El azhar Bennouna Sanaa18 décembre 2025Dernière mise à jour :
Coupe arabe : le Maroc face à la Jordanie pour une finale aux accents marocains

Entre solidité des Lions de l’Atlas et audace jordanienne de Jamal Sellami, une finale prometteuse au Lusail Stadium

Le Maroc disputera jeudi la finale de la Coupe arabe de la FIFA face à la Jordanie, dirigée par le technicien marocain Jamal Sellami. Une affiche symbolique et relevée, opposant une sélection marocaine solide et disciplinée à une équipe jordanienne portée par l’efficacité offensive. Analyse d’un choc attendu, à la croisée des ambitions sportives et d’un contexte financier motivant.


Le Maroc, dernier étendard africain

Seul représentant du continent africain encore en lice, le Maroc a pleinement assumé son statut à la Coupe arabe. En demi-finale, les hommes de Tarik Sektioui ont livré une prestation aboutie face aux Émirats arabes unis, s’imposant avec maîtrise et autorité. Cette qualification confirme la constance d’un groupe qui n’a cessé de monter en puissance depuis le début du tournoi.

Portés par une dynamique positive qui irrigue le football national depuis plusieurs années, les Lions de l’Atlas ont su conjuguer rigueur tactique, discipline collective et efficacité dans les moments clés.


Une défense de fer, socle du parcours marocain

L’un des principaux atouts du Maroc réside dans sa solidité défensive. En cinq rencontres, la sélection nationale n’a concédé qu’un seul but, encaissé lors du premier tour face aux Comores. Cette statistique illustre une organisation défensive quasi clinique, capable d’absorber la pression adverse sans rompre.

Cette rigueur, associée à une gestion intelligente des temps forts et faibles, permet au Maroc d’aborder la finale avec un avantage psychologique certain. Les bookmakers ne s’y trompent pas, plaçant les Lions de l’Atlas parmi les grands favoris au sacre.

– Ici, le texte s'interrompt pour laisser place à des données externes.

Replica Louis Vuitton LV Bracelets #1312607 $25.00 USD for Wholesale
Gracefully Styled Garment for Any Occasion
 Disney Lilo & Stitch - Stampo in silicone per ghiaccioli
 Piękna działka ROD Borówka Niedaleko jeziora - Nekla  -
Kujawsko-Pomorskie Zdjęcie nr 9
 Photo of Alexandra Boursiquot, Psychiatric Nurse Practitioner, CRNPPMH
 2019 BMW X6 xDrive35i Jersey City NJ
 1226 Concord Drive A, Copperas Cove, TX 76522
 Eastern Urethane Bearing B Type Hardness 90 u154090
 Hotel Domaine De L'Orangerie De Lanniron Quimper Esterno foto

La Jordanie de Sellami, l’adversaire du feu

En face, la Jordanie avance avec des arguments tout aussi sérieux. Dirigée par Jamal Sellami, ancien international et entraîneur marocain reconnu, la sélection jordanienne est la seule à avoir marqué lors de chacune de ses apparitions dans le tournoi. Une régularité offensive qui contraste avec la rigueur défensive marocaine.

Cette finale prend ainsi des allures de duel symbolique entre deux philosophies : le feu d’une attaque jordanienne inspirée et la glace d’un bloc marocain discipliné. Un choc tactique où chaque détail pourrait faire la différence.


Une finale aux enjeux multiples

Au-delà du prestige sportif, l’enjeu financier constitue un moteur supplémentaire. La Coupe arabe de la FIFA distribuera une enveloppe globale de 36,5 millions de dollars. Chaque équipe participante a déjà perçu 715.000 dollars, tandis que le vainqueur repartira avec 7.155.000 dollars. Une motivation non négligeable pour des joueurs majoritairement issus du championnat national marocain, désireux de confirmer leur valeur sur la scène régionale.


Une opportunité historique pour les Lions de l’Atlas

Jeudi, au Lusail Stadium, le Maroc aura l’occasion d’écrire une nouvelle page de son histoire en visant un premier sacre en Coupe arabe de la FIFA. Fort de son collectif, de son expérience récente et de sa capacité à ne rien concéder, le groupe de Tarik Sektioui semble armé pour relever ce dernier défi.

Mais face à une Jordanie ambitieuse et bien organisée, la prudence reste de mise. La finale s’annonce disputée, intense et riche en enseignements pour l’avenir du football marocain.